## Exercise goal:
Would you give the listing back word for word once its pictures are removed?

## Given data:
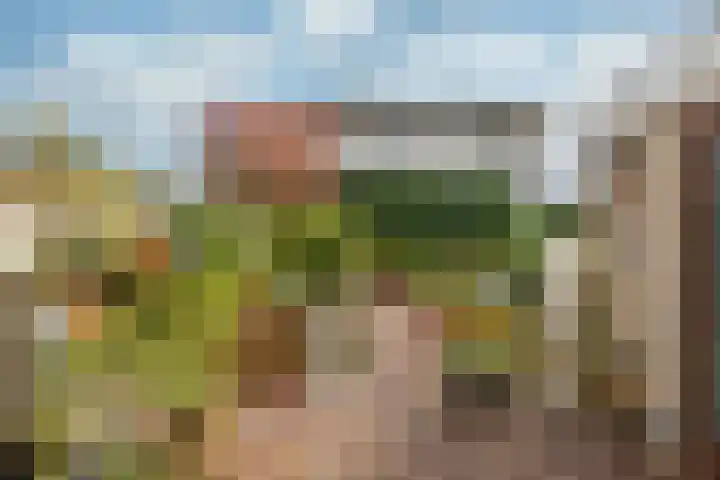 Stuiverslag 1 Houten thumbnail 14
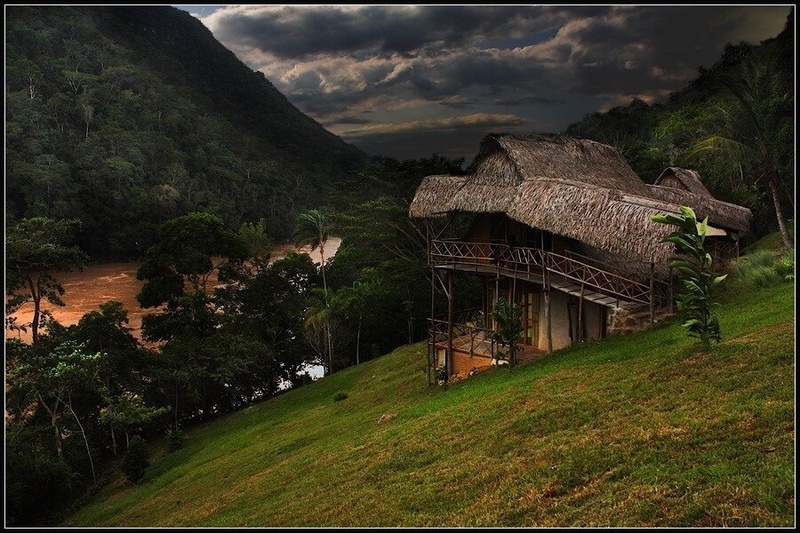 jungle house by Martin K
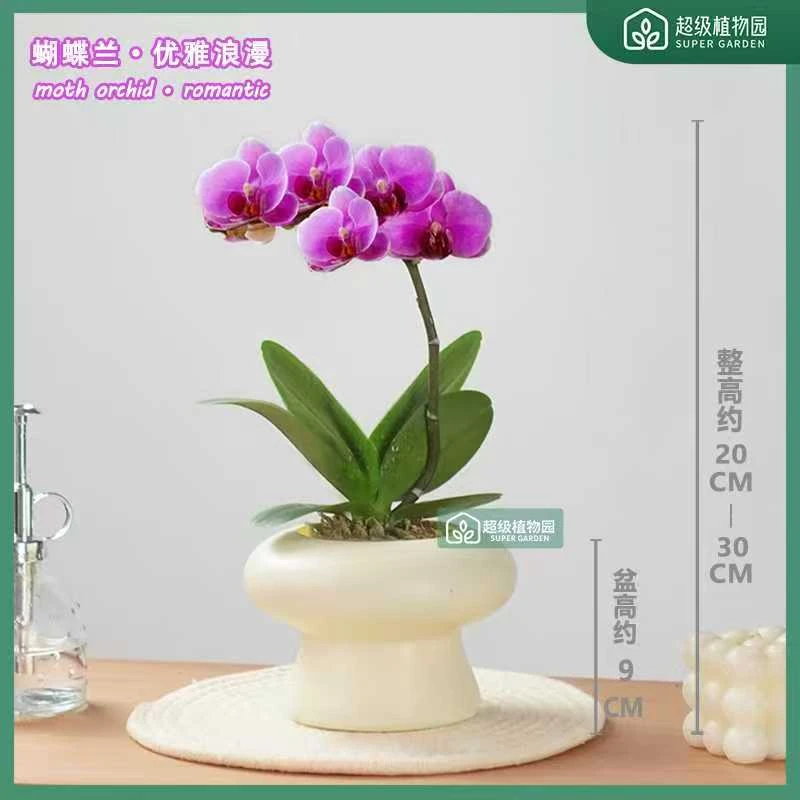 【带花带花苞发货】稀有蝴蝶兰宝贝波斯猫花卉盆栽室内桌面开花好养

## Task answer:
 Stuiverslag 1 Houten thumbnail 14
 jungle house by Martin K
 【带花带花苞发货】稀有蝴蝶兰宝贝波斯猫花卉盆栽室内桌面开花好养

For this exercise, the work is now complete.